The entries are to be written out again with no differences.

━━━━━━━━━━━━━━━━

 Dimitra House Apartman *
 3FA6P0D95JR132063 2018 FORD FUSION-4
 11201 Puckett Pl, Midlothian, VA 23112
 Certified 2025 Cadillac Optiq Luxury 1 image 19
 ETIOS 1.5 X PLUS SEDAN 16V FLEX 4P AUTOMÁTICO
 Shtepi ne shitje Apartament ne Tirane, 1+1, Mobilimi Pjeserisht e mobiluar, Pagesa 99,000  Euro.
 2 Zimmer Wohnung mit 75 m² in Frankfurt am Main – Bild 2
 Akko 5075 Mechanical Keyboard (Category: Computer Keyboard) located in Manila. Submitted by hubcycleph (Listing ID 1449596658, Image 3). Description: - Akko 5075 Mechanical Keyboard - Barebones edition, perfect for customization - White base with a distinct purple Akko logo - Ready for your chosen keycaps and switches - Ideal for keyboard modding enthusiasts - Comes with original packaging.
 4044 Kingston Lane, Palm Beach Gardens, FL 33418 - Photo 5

━━━━━━━━━━━━━━━━

Result
 Dimitra House Apartman *
 3FA6P0D95JR132063 2018 FORD FUSION-4
 11201 Puckett Pl, Midlothian, VA 23112
 Certified 2025 Cadillac Optiq Luxury 1 image 19
 ETIOS 1.5 X PLUS SEDAN 16V FLEX 4P AUTOMÁTICO
 Shtepi ne shitje Apartament ne Tirane, 1+1, Mobilimi Pjeserisht e mobiluar, Pagesa 99,000  Euro.
 2 Zimmer Wohnung mit 75 m² in Frankfurt am Main – Bild 2
 Akko 5075 Mechanical Keyboard (Category: Computer Keyboard) located in Manila. Submitted by hubcycleph (Listing ID 1449596658, Image 3). Description: - Akko 5075 Mechanical Keyboard - Barebones edition, perfect for customization - White base with a distinct purple Akko logo - Ready for your chosen keycaps and switches - Ideal for keyboard modding enthusiasts - Comes with original packaging.
 4044 Kingston Lane, Palm Beach Gardens, FL 33418 - Photo 5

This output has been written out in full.